In this article, I suggest the performative effects of diagnosis as an analytical tool to explore the transformations in people’s intimate lives that being diagnosed brings with it. As an analytical term, I understand the performative effects of diagnosis to describe trajectories in people’s intimate lives that emerge in the interplay between a person’s intimate sense of self, that is, their gendered and sexualed self-perceptions, and the logics and norms contained in medical diagnoses. I develop this term in the context of ethnographic research on Danish war veterans’ understandings of and experiences with intimacy and extrapolate it conceptually in this article through scholarship in feminist theory, trans studies, STS, and medical anthropology and sociology.
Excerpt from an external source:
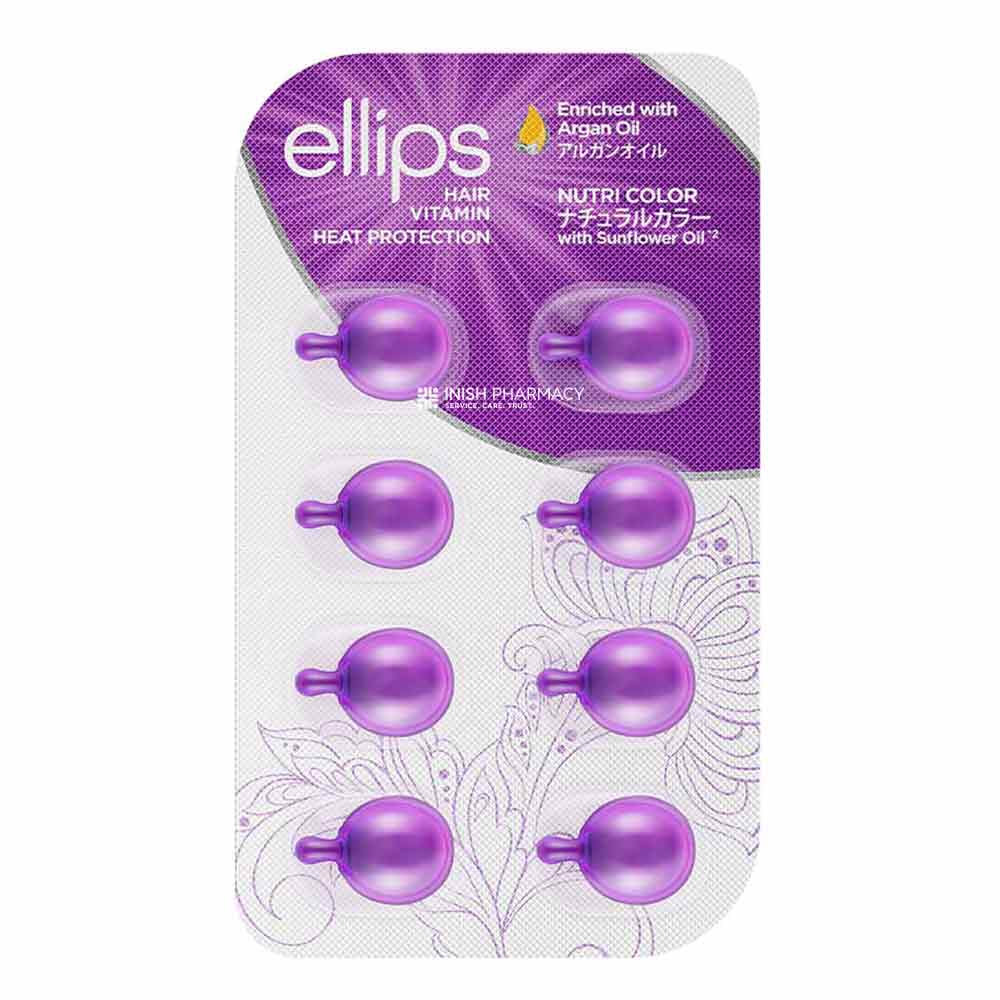 Ellips Hair Vitamin Argan Oil Vitality For Nutri Colour Hair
The argument that I make throughout is that the performative effects of diagnosis allows scholars to explore transformations in people’s intimate lives without a foreclosure about the normative dimensions of these transformations. In that sense, rather than only asking how biopolitical and cis- and heteronormative normalcy constitutes itself, the performative effects of diagnosis provide the opportunity to explore how these dimensions are (re)configured and (un)done in and through medicalized intimacies.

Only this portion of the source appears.